Budget-friendly restaurant recommendations in Cusco

enclosed balcony at La Mila on Plazoleta EspinarIf there aren’t too many splurge nights figured into your travel budget, it’s always good to know where in a town you can get a tasty meal that will fill you up for a day of exploring without costing much. Since you may not want to gamble on eating from the street carts after only a few days in Peru, here are some suggestions of places that serve up a mean plate that will fill you for hours without burning up too much of the fun money.

Due to an influx of tourists from the Middle East, Cusco’s kebab, giro, and falafel scene is bumping. If you eat in any of these places, several of which are grouped together on Plateros off the Main Plaza, you are destined to leave full and happy. However, Mr. Giros on Choquechaka wins the gold star for unparalleled delicious with their wraps. I mean, they put crisp-fried , thin-cut hash brown potatoes on top of their slow-cooked meat, veggies, hummus, and tzaziki sauce. When I ate here with two friends visiting from Jackson Hole we were all silent as we mowed our two-hand wraps in amazement. For 10 soles you really can’t beat this belly-happiness maker.

If you’re willing to go up another 10 soles or so, Mila and Sumaq are also great options.

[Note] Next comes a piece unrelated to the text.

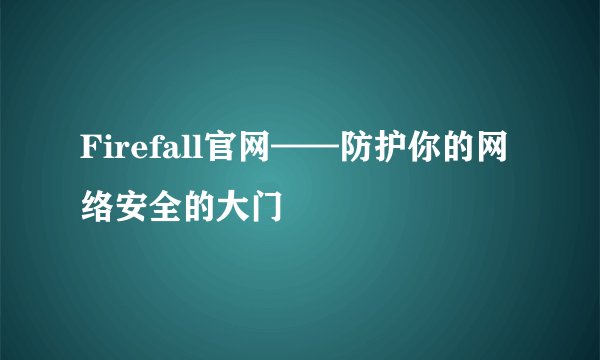 Firefall官网——防护你的网络安全的大门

Mila is on the second floor of a colonial-style building off Plazoleta Espinar, the smaller manicured plaza a block or so behind the Plaza de Armas. Look for the sign on the balcony above because the entrance is tricky to find among the souvenir shops on the first floor. The menu is centered around very tasty versions of classic Peruvian dishes such as Lomo Saltado and Aji de Gallina. The menu is in Spanish but the picture-book size photos of the dishes do a great job of illustrating how delicious the food here is. For 18 soles I had trout smothered with sautéed peppers, onions, and potatoes in a roasted pepper sauce that was lick the plate delicious. The simple but elegant dining room, or the small balcony overlooking the plazoleta are nice settings to enjoy a leisurely meal in the heart of town.

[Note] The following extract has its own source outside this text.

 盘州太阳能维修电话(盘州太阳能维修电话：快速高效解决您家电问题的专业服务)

Back up in the San Blas neighborhood on Siete Angelitos is a recent find, Sumaq. While Sumaq also has traditional Peruvian dishes on their menu, I would definitely say their wood-fired pizza is the best I’ve had since arriving in Cusco. The massive pie we ordered was smothered with mouth-watering cheese, chicken, chorizo, and mushrooms – but it was the crisp thinness of the crust that really impressed me. I can’t imagine it’s easy to get a pizza crust just right at 11,000 ft above sea level, but some of the soggy, doughy versions of this classic standby I’ve experienced here had almost turned me off the menu choice altogether. So, of course, it was nice to see pizza redeemed from the ‘don’t bother’ list. Granted, the pizza we chose was 38 soles – but was also definitely enough to feed four adults, including this very happy one.